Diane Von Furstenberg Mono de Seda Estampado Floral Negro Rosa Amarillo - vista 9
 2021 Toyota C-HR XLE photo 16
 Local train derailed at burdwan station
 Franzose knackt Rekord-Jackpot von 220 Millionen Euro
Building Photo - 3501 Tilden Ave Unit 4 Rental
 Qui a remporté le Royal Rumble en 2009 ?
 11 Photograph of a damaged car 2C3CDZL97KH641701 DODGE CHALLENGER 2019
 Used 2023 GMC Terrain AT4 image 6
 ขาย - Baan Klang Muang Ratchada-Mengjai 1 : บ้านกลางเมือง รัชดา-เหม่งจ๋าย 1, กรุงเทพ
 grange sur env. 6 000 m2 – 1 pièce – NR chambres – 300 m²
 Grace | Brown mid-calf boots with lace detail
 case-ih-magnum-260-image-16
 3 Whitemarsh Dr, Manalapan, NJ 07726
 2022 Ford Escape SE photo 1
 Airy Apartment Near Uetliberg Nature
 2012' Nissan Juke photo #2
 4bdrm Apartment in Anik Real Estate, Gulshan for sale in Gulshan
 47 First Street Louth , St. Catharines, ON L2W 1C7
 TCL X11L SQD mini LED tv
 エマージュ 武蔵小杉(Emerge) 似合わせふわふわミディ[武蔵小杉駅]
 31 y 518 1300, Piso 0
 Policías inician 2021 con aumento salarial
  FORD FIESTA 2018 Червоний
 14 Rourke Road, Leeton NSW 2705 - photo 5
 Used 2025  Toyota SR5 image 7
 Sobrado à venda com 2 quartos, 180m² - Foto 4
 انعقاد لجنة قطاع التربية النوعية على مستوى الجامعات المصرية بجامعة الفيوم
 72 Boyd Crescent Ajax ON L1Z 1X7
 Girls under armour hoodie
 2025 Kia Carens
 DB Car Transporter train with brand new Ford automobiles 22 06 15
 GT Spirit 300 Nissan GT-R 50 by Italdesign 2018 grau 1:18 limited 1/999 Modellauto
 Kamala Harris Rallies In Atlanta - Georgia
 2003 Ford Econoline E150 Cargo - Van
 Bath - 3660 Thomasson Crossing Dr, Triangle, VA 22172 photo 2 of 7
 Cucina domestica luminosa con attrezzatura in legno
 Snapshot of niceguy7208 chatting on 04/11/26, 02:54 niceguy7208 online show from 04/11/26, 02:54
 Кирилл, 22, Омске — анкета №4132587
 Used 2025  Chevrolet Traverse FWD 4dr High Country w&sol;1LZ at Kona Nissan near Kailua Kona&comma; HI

**EXERCISE DESCRIPTION**
Copy only this part of the entries above: the line with "case-ih-magnum-260-image-16", the line with "31 y 518 1300, Piso 0", and the lines between, all exactly as written.

**RESULT OF THIS EXERCISE**
 case-ih-magnum-260-image-16
 3 Whitemarsh Dr, Manalapan, NJ 07726
 2022 Ford Escape SE photo 1
 Airy Apartment Near Uetliberg Nature
 2012' Nissan Juke photo #2
 4bdrm Apartment in Anik Real Estate, Gulshan for sale in Gulshan
 47 First Street Louth , St. Catharines, ON L2W 1C7
 TCL X11L SQD mini LED tv
 エマージュ 武蔵小杉(Emerge) 似合わせふわふわミディ[武蔵小杉駅]
 31 y 518 1300, Piso 0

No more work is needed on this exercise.